WHAT IS NEEDED:
Leave out every picture and set down, exactly, the lines below from the one holding "Pane Black Modern" up to and including the one holding "Miniatura 3 de".

DATASET EXTRACT:
::::::

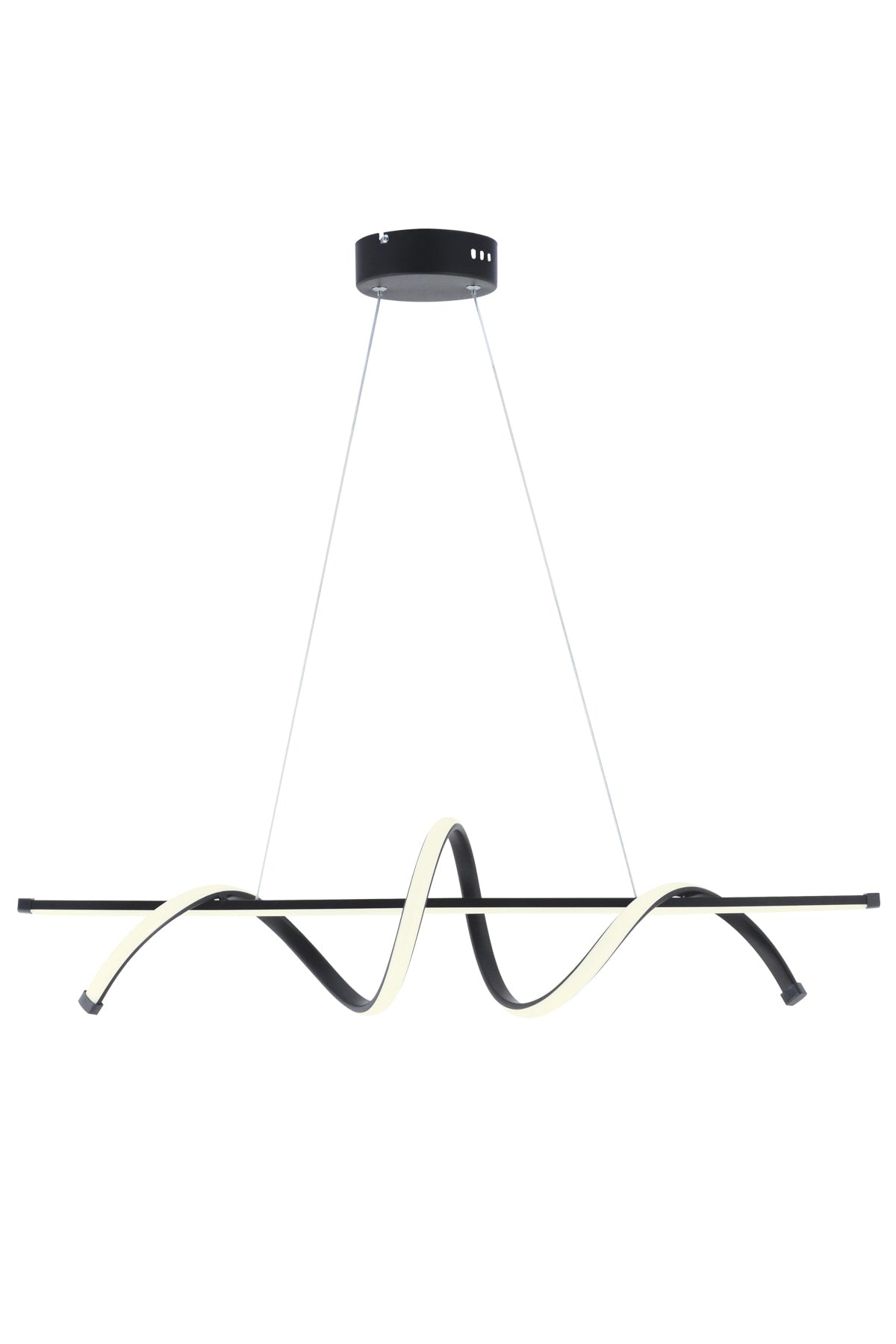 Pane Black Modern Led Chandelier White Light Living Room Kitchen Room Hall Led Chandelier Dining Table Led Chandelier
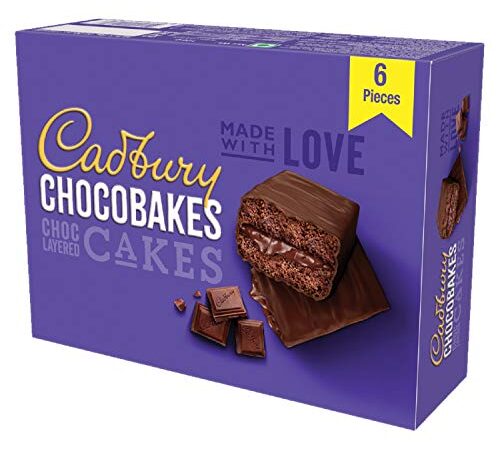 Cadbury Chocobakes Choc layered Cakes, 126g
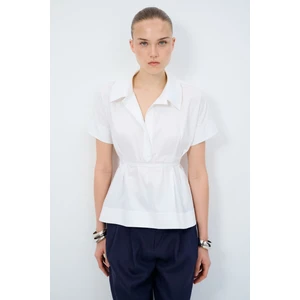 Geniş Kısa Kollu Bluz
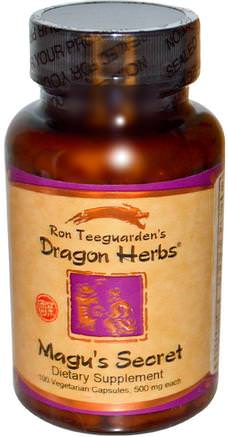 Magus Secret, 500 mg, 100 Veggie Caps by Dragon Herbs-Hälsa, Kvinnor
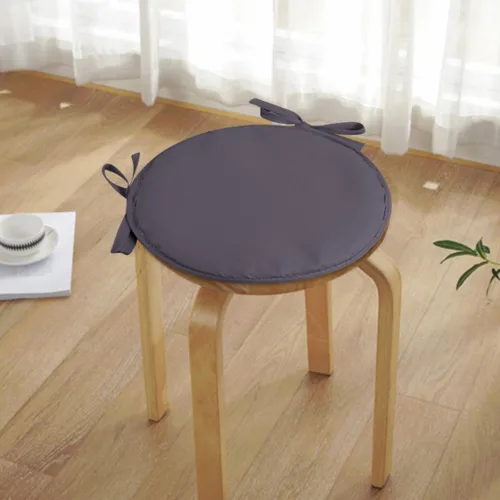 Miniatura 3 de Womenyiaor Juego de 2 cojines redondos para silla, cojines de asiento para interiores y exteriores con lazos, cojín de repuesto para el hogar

::::::

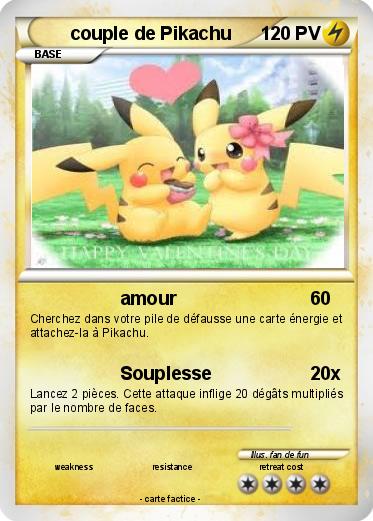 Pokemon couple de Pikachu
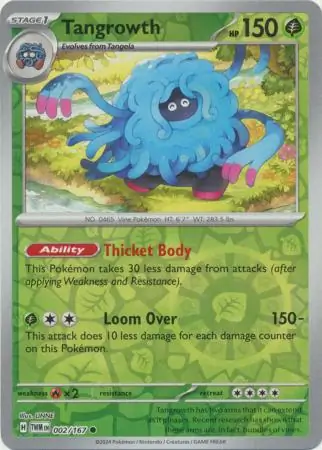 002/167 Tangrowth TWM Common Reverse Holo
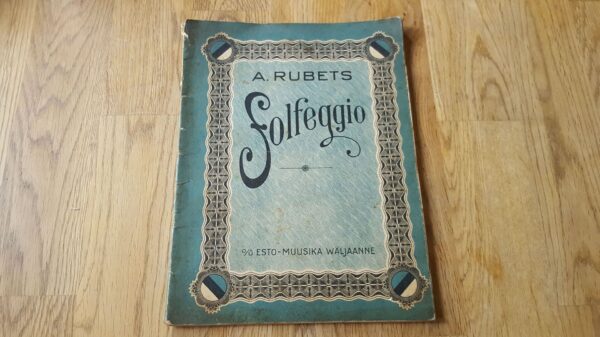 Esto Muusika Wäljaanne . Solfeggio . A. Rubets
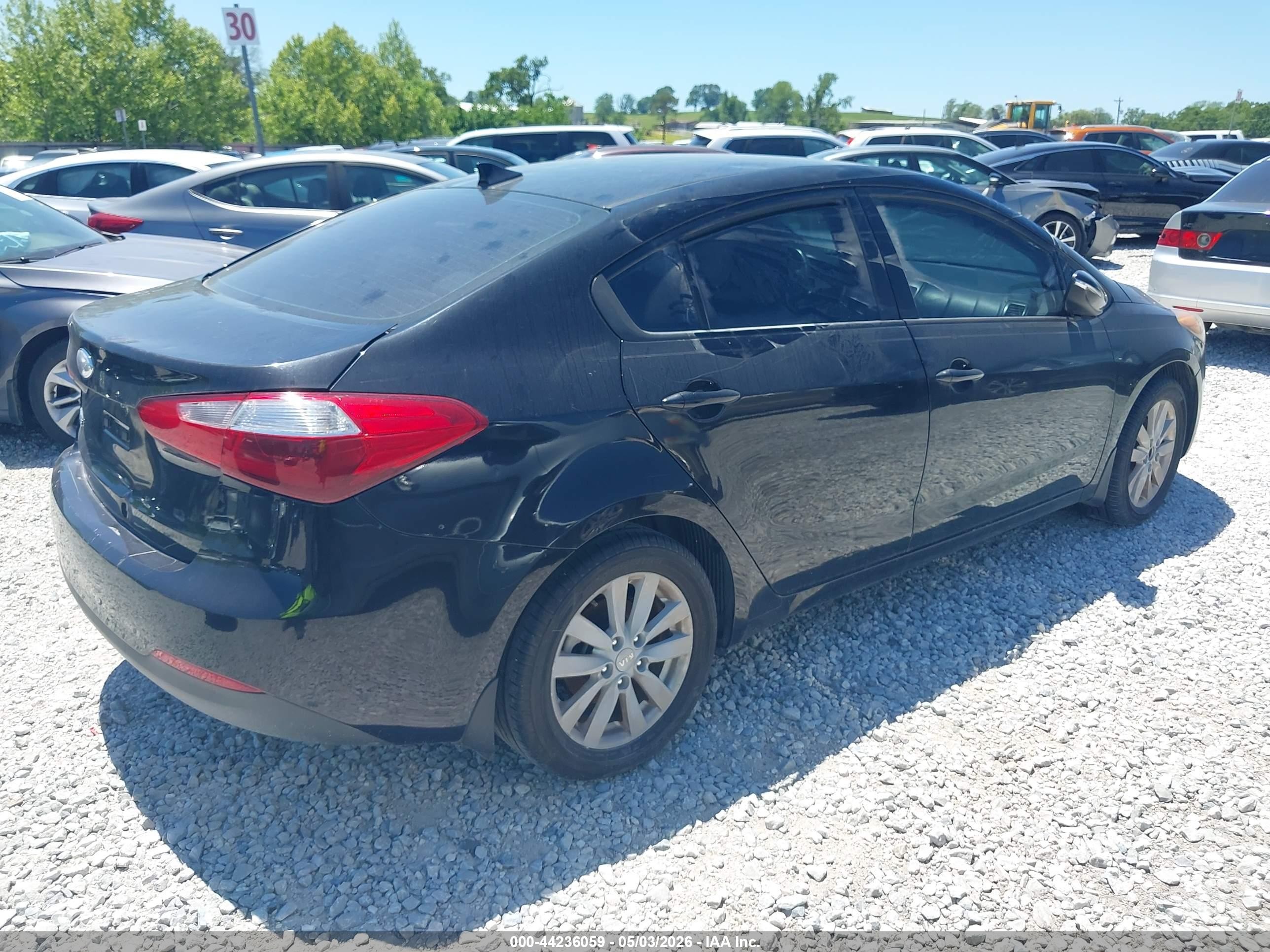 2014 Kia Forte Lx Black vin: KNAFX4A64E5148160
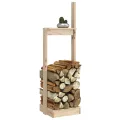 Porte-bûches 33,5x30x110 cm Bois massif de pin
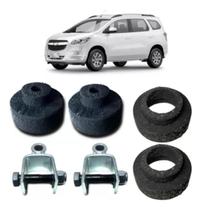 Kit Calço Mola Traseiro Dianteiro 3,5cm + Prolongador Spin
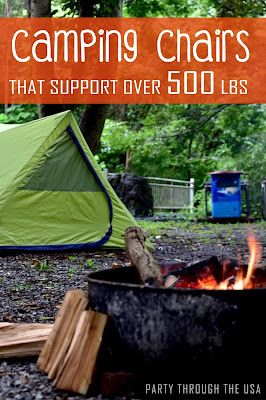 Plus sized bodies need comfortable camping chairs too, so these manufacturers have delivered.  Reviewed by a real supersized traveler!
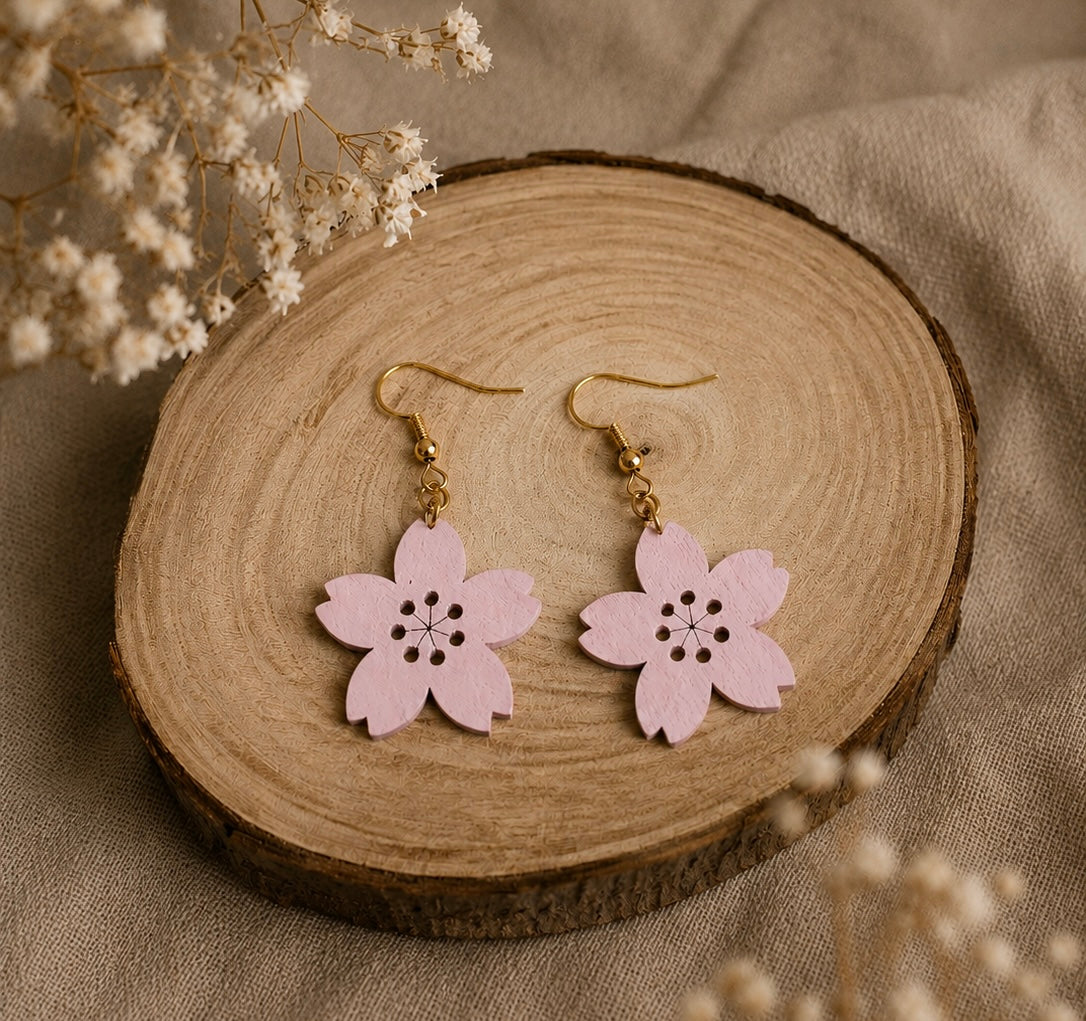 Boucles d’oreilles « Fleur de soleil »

::::::

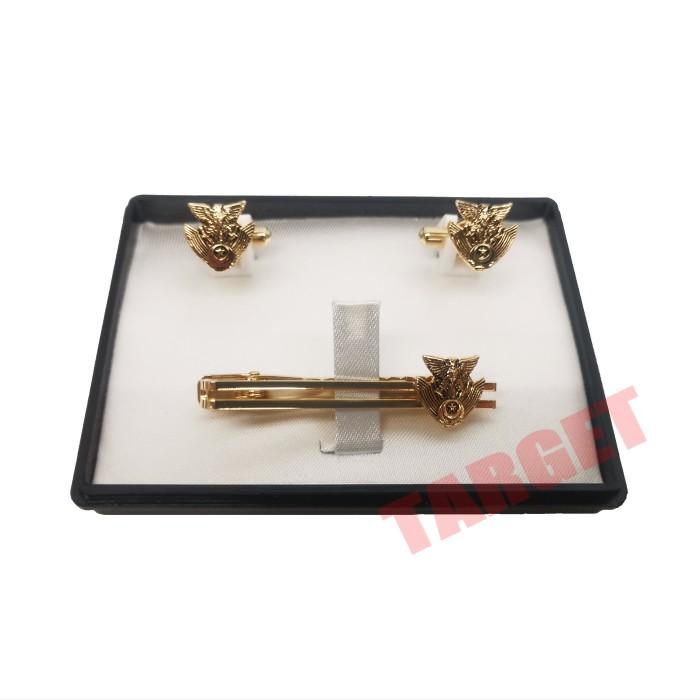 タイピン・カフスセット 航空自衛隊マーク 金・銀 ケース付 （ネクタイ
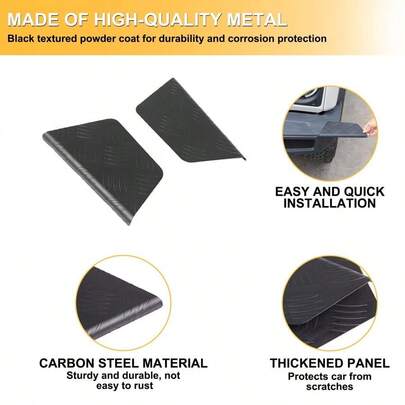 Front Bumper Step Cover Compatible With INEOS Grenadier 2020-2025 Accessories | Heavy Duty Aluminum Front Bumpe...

::::::

SOLUTION TO THIS PROBLEM:
 Pane Black Modern Led Chandelier White Light Living Room Kitchen Room Hall Led Chandelier Dining Table Led Chandelier
 Cadbury Chocobakes Choc layered Cakes, 126g
 Geniş Kısa Kollu Bluz
 Magus Secret, 500 mg, 100 Veggie Caps by Dragon Herbs-Hälsa, Kvinnor
 Miniatura 3 de Womenyiaor Juego de 2 cojines redondos para silla, cojines de asiento para interiores y exteriores con lazos, cojín de repuesto para el hogar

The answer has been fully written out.